*DATA EXCERPTS*.
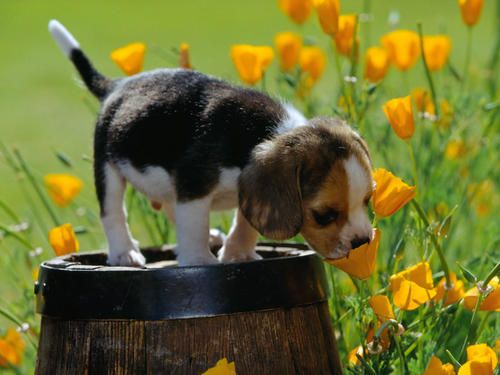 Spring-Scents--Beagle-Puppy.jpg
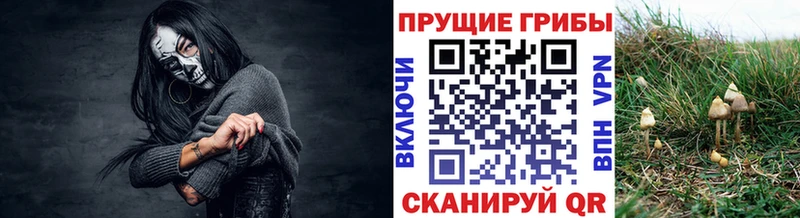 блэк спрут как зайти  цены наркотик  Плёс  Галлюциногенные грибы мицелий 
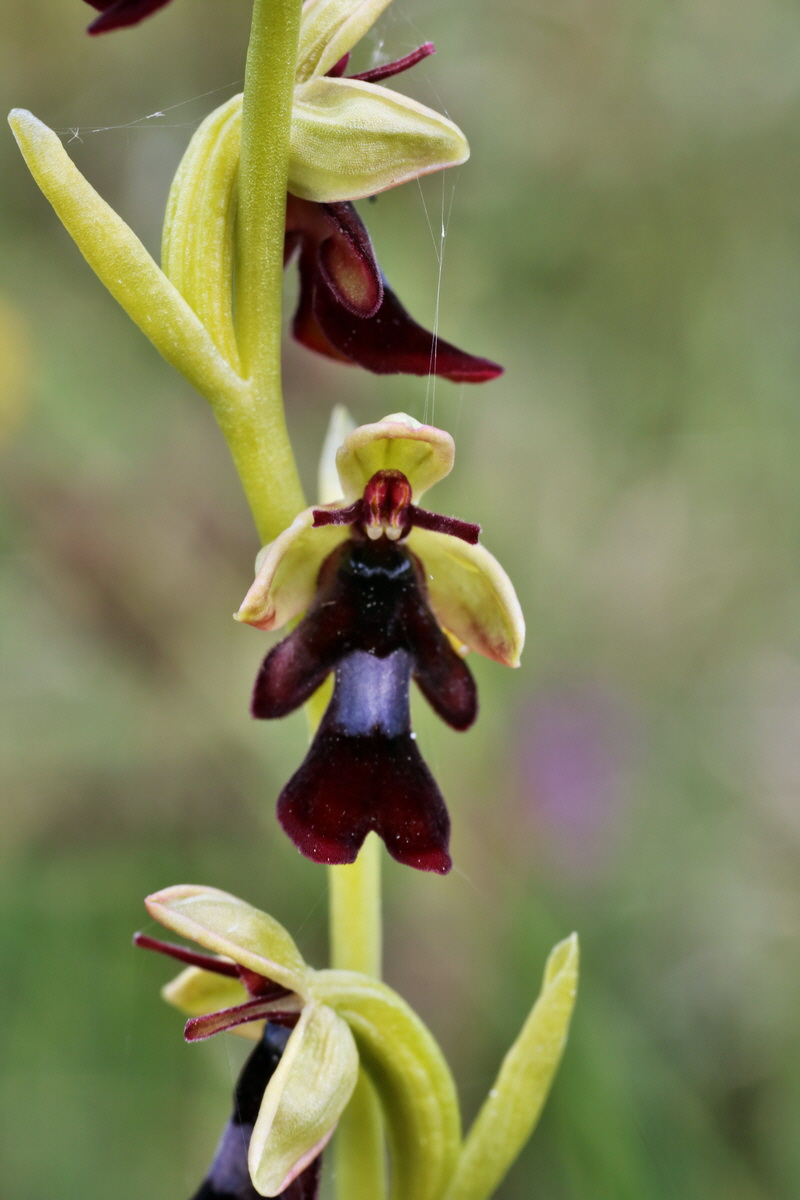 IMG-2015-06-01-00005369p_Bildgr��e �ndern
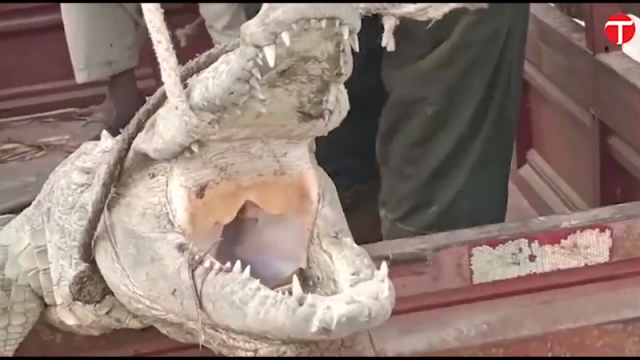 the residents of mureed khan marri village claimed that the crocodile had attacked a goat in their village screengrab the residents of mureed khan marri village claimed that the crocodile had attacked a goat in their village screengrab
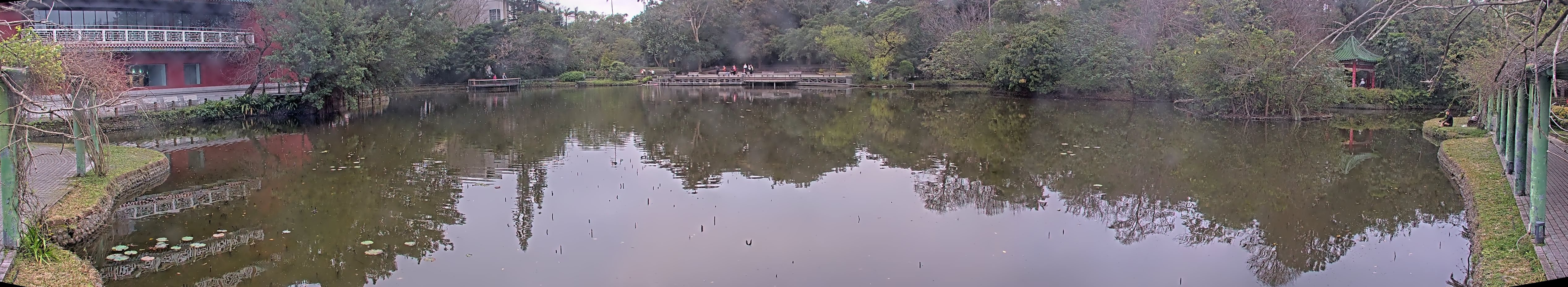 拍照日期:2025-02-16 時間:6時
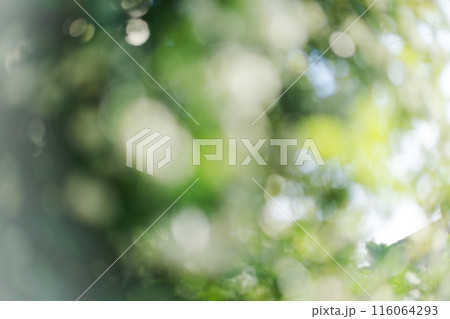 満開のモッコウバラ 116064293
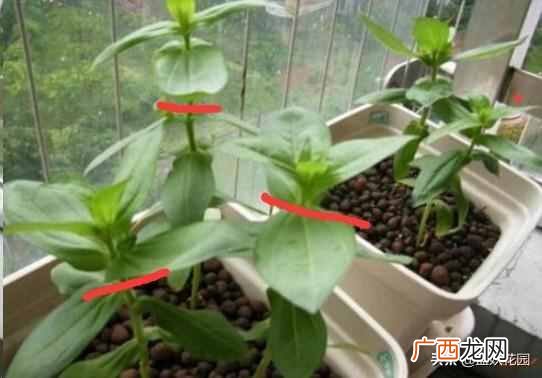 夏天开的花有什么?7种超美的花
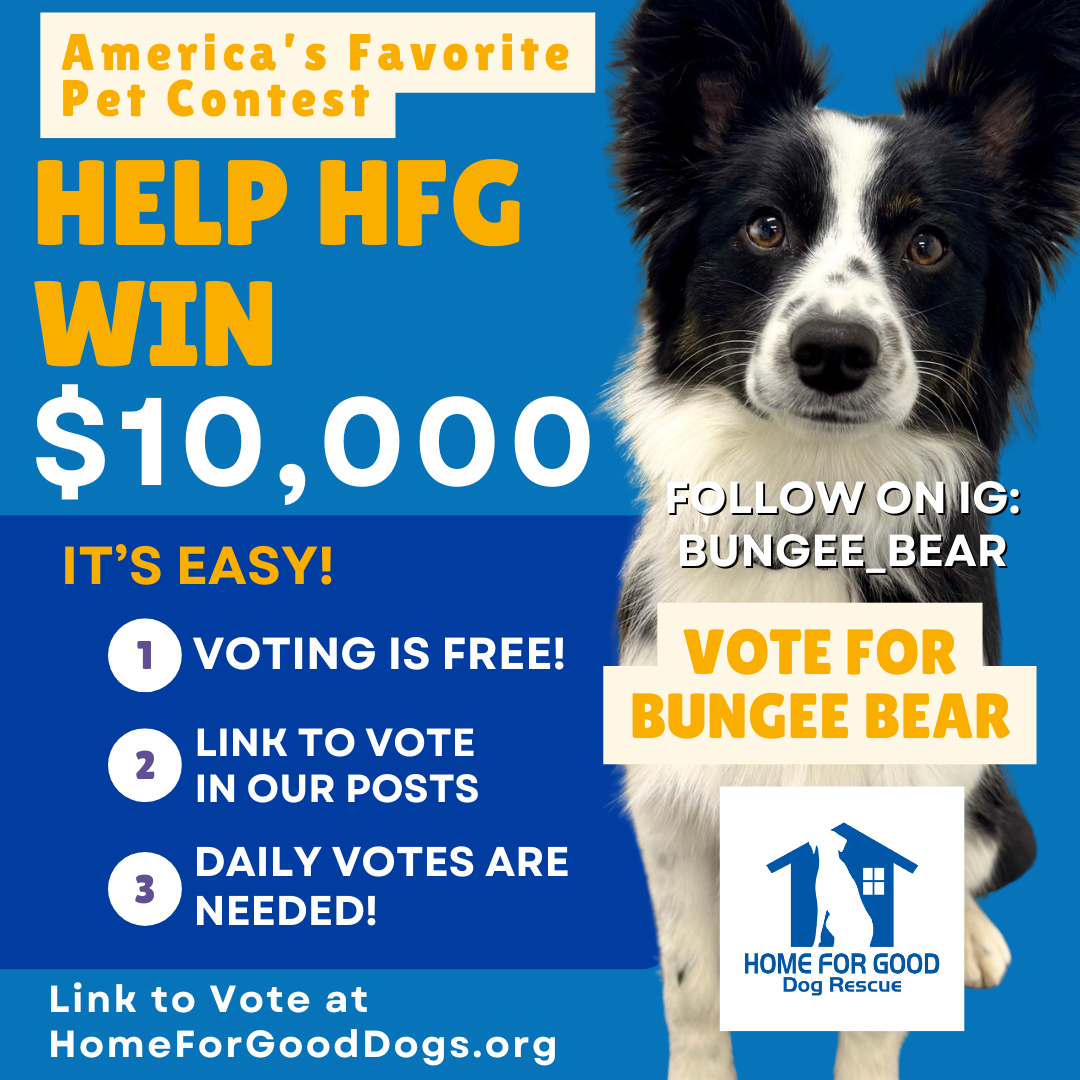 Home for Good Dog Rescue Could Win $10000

*PROBLEM STATEMENT*. The images in the entries above should be left out; please reproduce exactly the lines from the first through the one containing "夏天开的花有什么?7种超美的花".

*SOLVED PROBLEM*.
 Spring-Scents--Beagle-Puppy.jpg
 блэк спрут как зайти  цены наркотик  Плёс  Галлюциногенные грибы мицелий 
 IMG-2015-06-01-00005369p_Bildgr��e �ndern
 the residents of mureed khan marri village claimed that the crocodile had attacked a goat in their village screengrab the residents of mureed khan marri village claimed that the crocodile had attacked a goat in their village screengrab
 拍照日期:2025-02-16 時間:6時
 満開のモッコウバラ 116064293
 夏天开的花有什么?7种超美的花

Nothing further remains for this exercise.